## Exercise
Leaving the pictures aside, return all of the data below exactly.

=== Dataset section ===

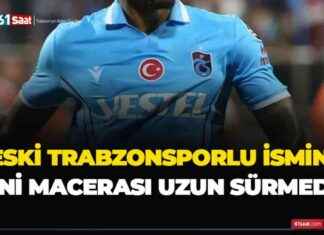 Eski Trabzonsporlu İsmail’in Yeni Takımı Belli Oldu! eski-trabzonsporlu-ismailin-yeni-takm-belli-oldu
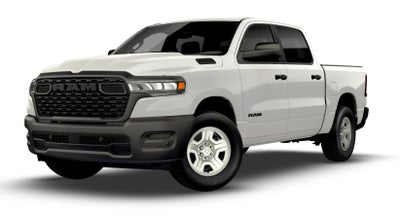 2026 RAM 1500 Tradesman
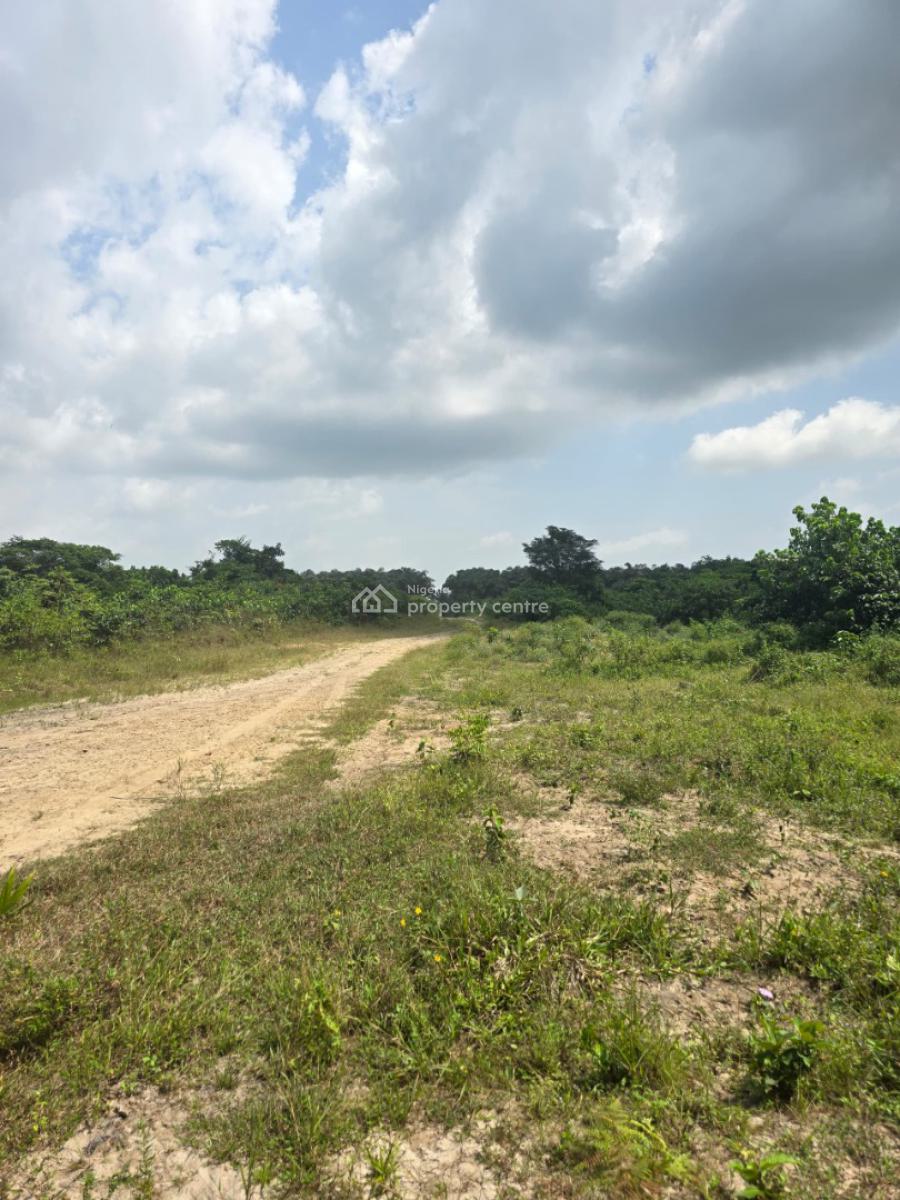 Bulk Dry Land in Ibeju, Ibeju Aiyetoro, Ibeju Lekki, Lagos, Mixed-use Land for Sale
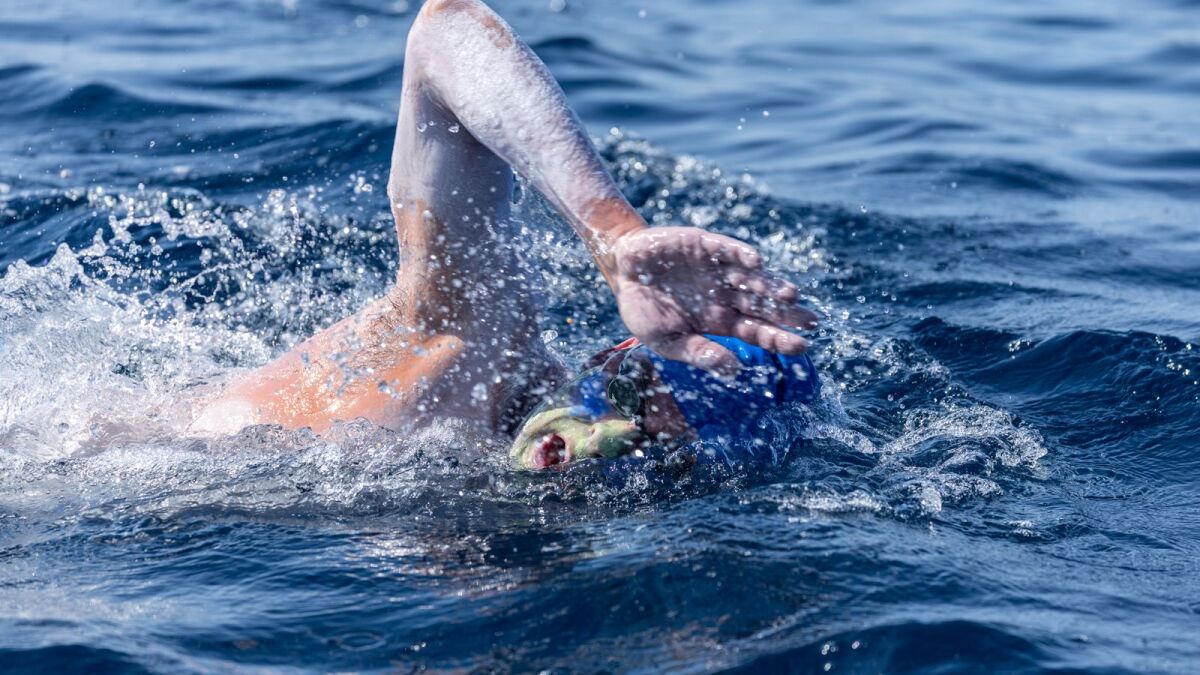 Park City's Rob Lea sets world record completing ‘Double Seven' challenge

===

## Answer section
 Eski Trabzonsporlu İsmail’in Yeni Takımı Belli Oldu! eski-trabzonsporlu-ismailin-yeni-takm-belli-oldu
 2026 RAM 1500 Tradesman
 Bulk Dry Land in Ibeju, Ibeju Aiyetoro, Ibeju Lekki, Lagos, Mixed-use Land for Sale
 Park City's Rob Lea sets world record completing ‘Double Seven' challenge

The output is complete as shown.